Мария раскрыла сумку. Запахло чем-то больничным, так сильно запахло, что заглушился хвойный и травяной дух. Она достала бинт, оторвала квадратик, свернула тампон и осторожно вытерла вокруг глазниц Полянцева присохшие капельки крови. Потом плотно обернула бинт вокруг его головы, прикрыв им глаза. Снова задумалась: что еще предпринимают в таких случаях? Лицо Полянцева стало расплываться: теперь Мария смотрела на него сквозь слезы, наполнявшие глаза, она переживала свою беспомощность.
Она повернулась, пошла к Антонову. И у этого - лицо восковое, такое, словно убитый лежал он под деревом. Без всякого выражения смотрел он на свои вытянутые ноги, на запыленные ботинки, на полинявшие обмотки, ставшие из зеленых грязно-серыми.
– Сестричка.
– Мария смутилась, в первый раз назвали ее "сестричкой".
– Рана у него в этом, так сказать, месте, - Пилипенко сконфуженно взглянул на нее.
– Ну... ты отворотись, я откачу штанину, прикрою то, чего тебе не надо. А тогда начнешь.
– Отойди, - решительно ткнула Пилипенко локтем.
– Отойди. Не мешай!
Пилипенко послушно сделал шаг назад.
Мария подвернула почерневший от крови подол гимнастерки Антонова, расстегнула штаны. Показалось белое, как тесто, тело с большим рыжим пятном в паху - один цвет явно не подходил к другому и был лишним: зияла мясистая рана.
– Миленький, пошире ноги, пошире, вот так, я забинтую.
Мягкими, медленными движениями, чтоб не причинить боль, накладывала Мария повязку. И все-таки каждый раз, когда делала виток бинта, Антонов весь сжимался и судорожно втягивал в себя воздух.
– Потерпи, миленький, потерпи.
– Мария кончила перевязку, застегнула Антонову штаны, поправила воротник на гимнастерке.
– Скоро до врачей доберемся. И будет как надо...
Она сомневалась, правильно ли сделала перевязку, хорошо ли сделала. "Мама, помнится, делала так". Но то были пустяки, не раны войны.
– Послушай, сестричка.
– Лоб Антонова покрылся холодным потом. Силы покидали его, он уже не мог шевелить не только ногой, но и руками и губами.

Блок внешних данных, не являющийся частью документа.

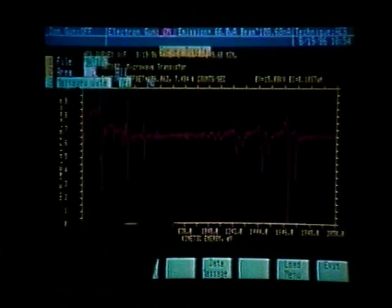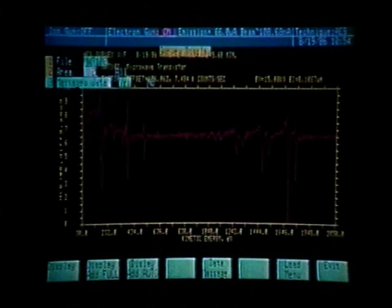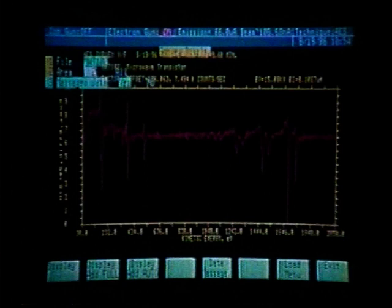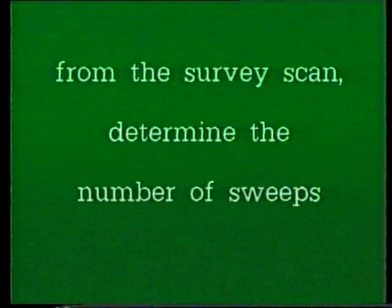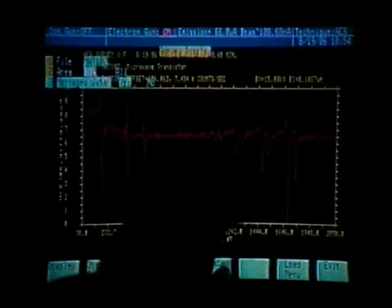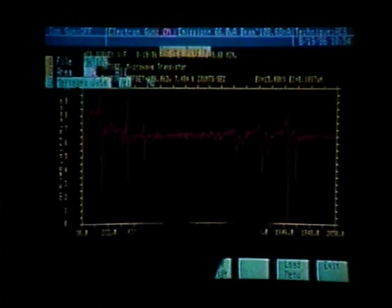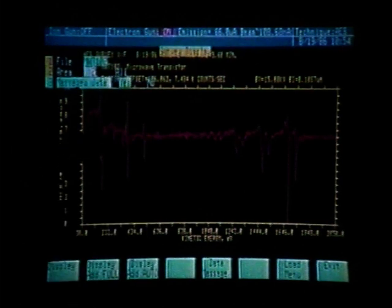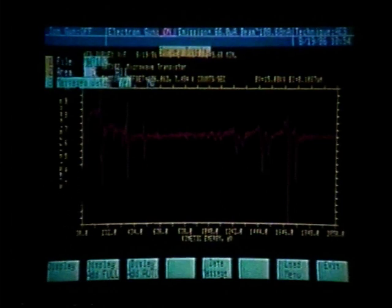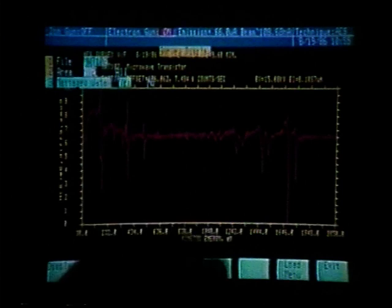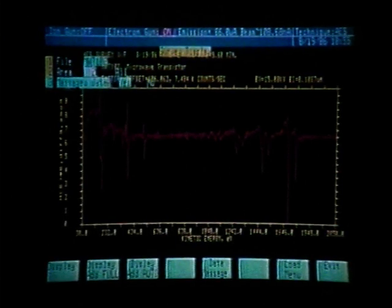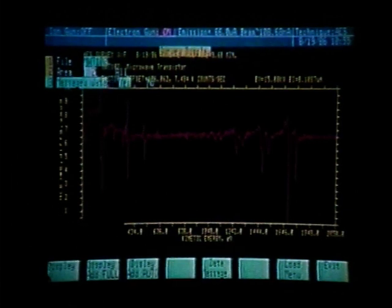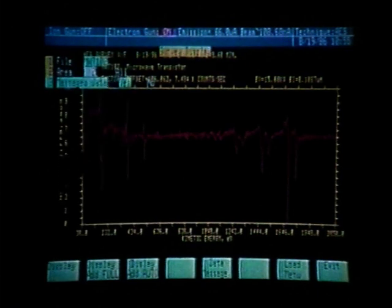When we set up for a multiplex, we also need to determine the number of sweeps we will spend on the peaks. In the multiplex routine, we must include all of the peaks we have identified, and it will set them equal to 100% and determine the atomic concentration. From the survey scan, we can determine the number of sweeps. We will look at the high energy tantalum peak, which is the largest peak. So if we do one sweep on tantalum, the carbon peak is much smaller — to get the same statistics, we should probably do 10 sweeps on carbon. So one sweep on tantalum, two sweeps on nitrogen, three sweeps on oxygen, and ten sweeps on carbon.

– Послушай, - еле выговорил. Но на Марию не смотрел. Глаза выражали усталость, примиренность с тем, что произойдет через минуту, через час. Что произойдет, он знал, было видно, что знал. Взгляд его, полный безнадежности, ни на ком и ни на чем, что было вблизи, не задерживался, он прошел мимо, куда-то очень далеко, и, казалось, видел то, чего никто другой видеть не мог.
– Ты в Пензенскую в случае чего отпиши. Матери. Антоновой, Пелагее Васильевне. В колхозе она. Доярка. Пообещай, сестричка.

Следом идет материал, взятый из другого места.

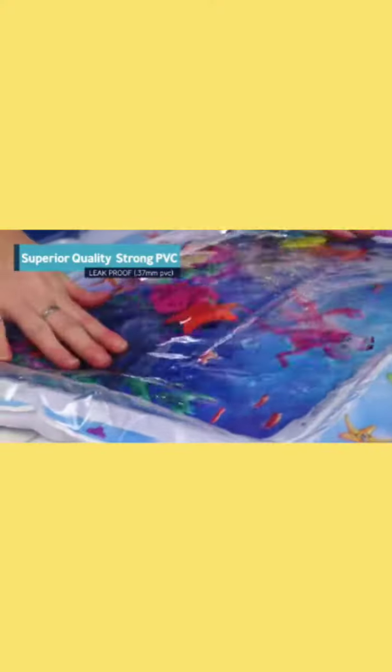To get Splashing Kids Water Mat, click on the Add to Cart button. It's also a great baby shower gift.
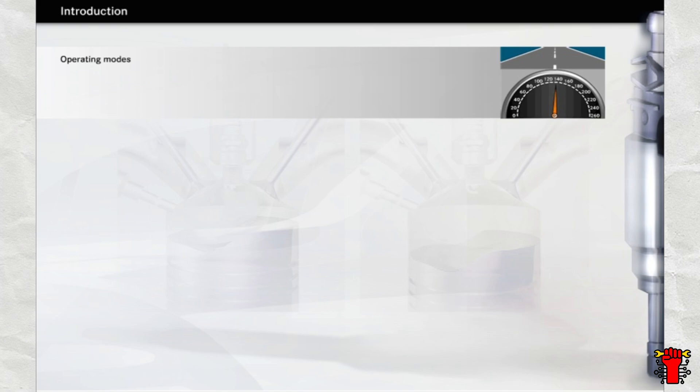You will start off by carrying out a short test drive, which will show you the different operating modes of a direct injection petrol engine. You will then move on to examine fuel combustion and its ignition capability in terms of the lambda air-fuel ratio. It will become clear that a petrol-powered engine can only be operated with excess air in stratified charge mode.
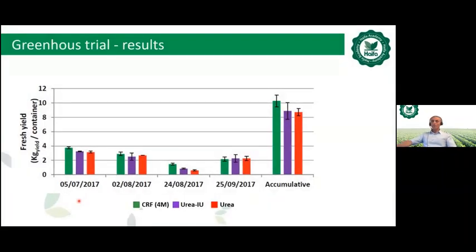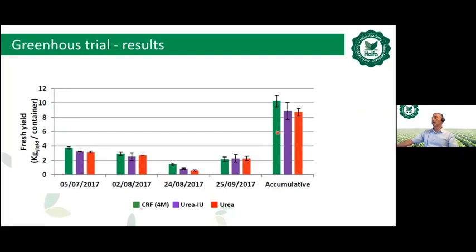We also evaluated yield in this trial, measuring fresh yield per container in kilograms across all four cuttings. The controlled release fertilizer showed the best performance, followed by the urease inhibitor-treated urea, and then by regular untreated urea.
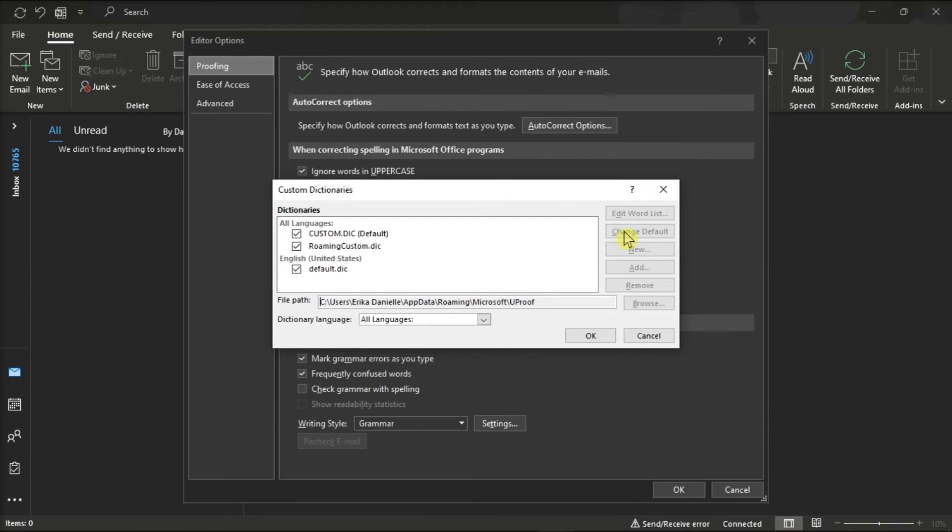Additionally, make sure that the Dictionary Language and the System Default Language are the same and are set to your preferred language.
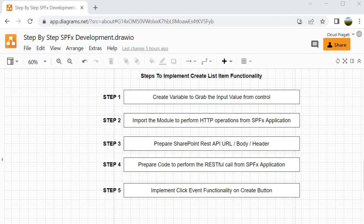Let's wrap this session. In this session we have seen the implementation of the create list item functionality, going through all five steps. Step 1: created the variables holding input from the controls. Step 2: imported the HTTP module for HTTP operations. Step 3: created the URL, body, and header. Step 4: prepared the RESTful call within our SPFx client-side web part application. Step 5: implemented the click event, binding all the functionality from steps one to four.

– Сам, миленький, и напишешь. Когда поправишься.
Она не знала и того, что говорят в таких случаях.
Она перевязала бедро Рябову, перевязала руку отделенному Поздняеву ладонь его, загноившаяся, стала большой и широкой, как лопата.
Подошла к Андрею.
– Плечо давайте.
– Ничего... ничего. Ерунда у меня.
– Товарищ лейтенант...
– Бинты надо беречь, - сухо отозвался Андрей.
– Нельзя тратить на всякую мелочь. Много у тебя?
– Нет.
– Так вот. Бинт только в серьезных случаях. Нам еще кое-что предстоит. Мы на войне. Ясно?

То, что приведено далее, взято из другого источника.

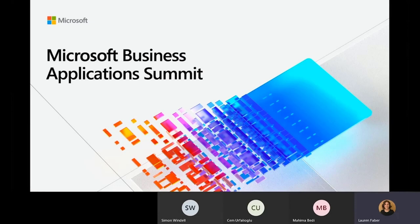So excited to have Jem, Simon, and Mahima from Avanade here today. Thank you guys so much for being here. Before we dive into the details of your presentation, could you each introduce yourselves?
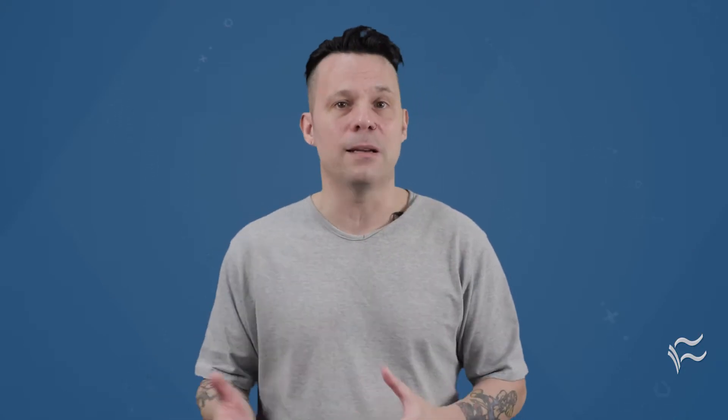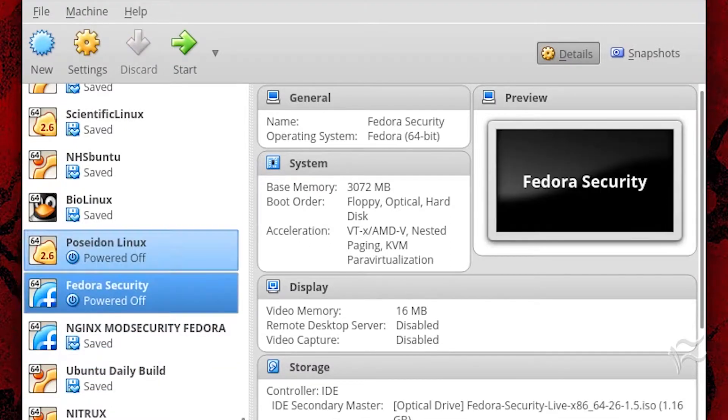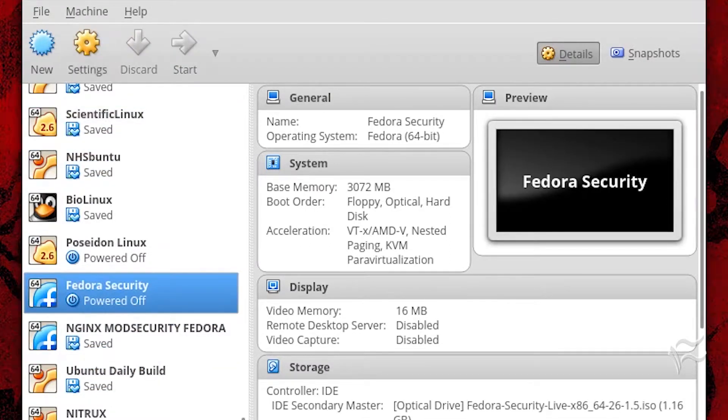What do you do? Fortunately, the VirtualBox developers created a setting that allows you to select the network type to be used for each virtual machine. Through this setting, you can select NAT, NAT network, bridged adapter, internal network, host only adapter, or generic driver.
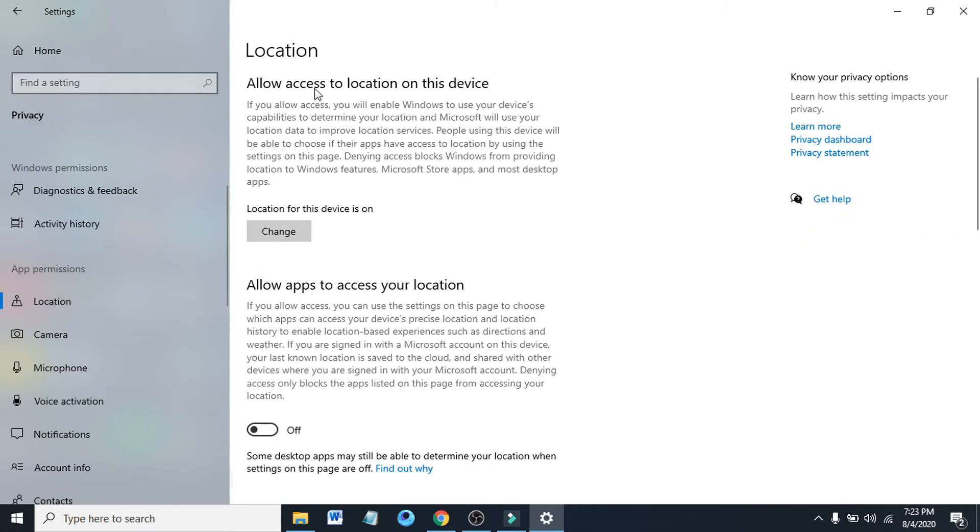So you can see allow access to location on this device. If location for this device is turned on, you just have to turn it off so Windows 10 can't track your location anymore.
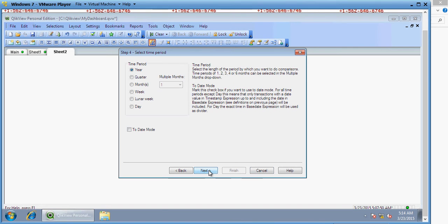I'll hold on to this screen for a longer period of time to walk you through the comparisons which are possible. In the first section it says 'Yearly Comparison' — you can compare current year, previous year, change, and percentage change. In the quarterly section, you can compare the current quarter, previous quarter, and previous year quarter. For months comparison, you can select one, two, three, four, or six months. For week, you can compare weeks, lunar week, and day.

– Ясно, товарищ лейтенант, - чуть слышно произнесла Мария. Мелкими шагами вернулась к Саше и Даниле.
– Все! Антонова несут Пилипенко и Сянский. Бульба, поведешь пулемет. Вано - с Полянцевым. Шишарев, поможешь сержанту Рябову. Мария - возле раненых.
Андрей услышал:
– Оставь меня тут... Не тащи дальше. Пусти, как брата прошу. Антонов лежал на плащ-палатке скорчившись, закусив губы, чтоб сдержать стон. С трудом протянул руки и обхватил в мольбе сапоги Пилипенко. Оставь, а?..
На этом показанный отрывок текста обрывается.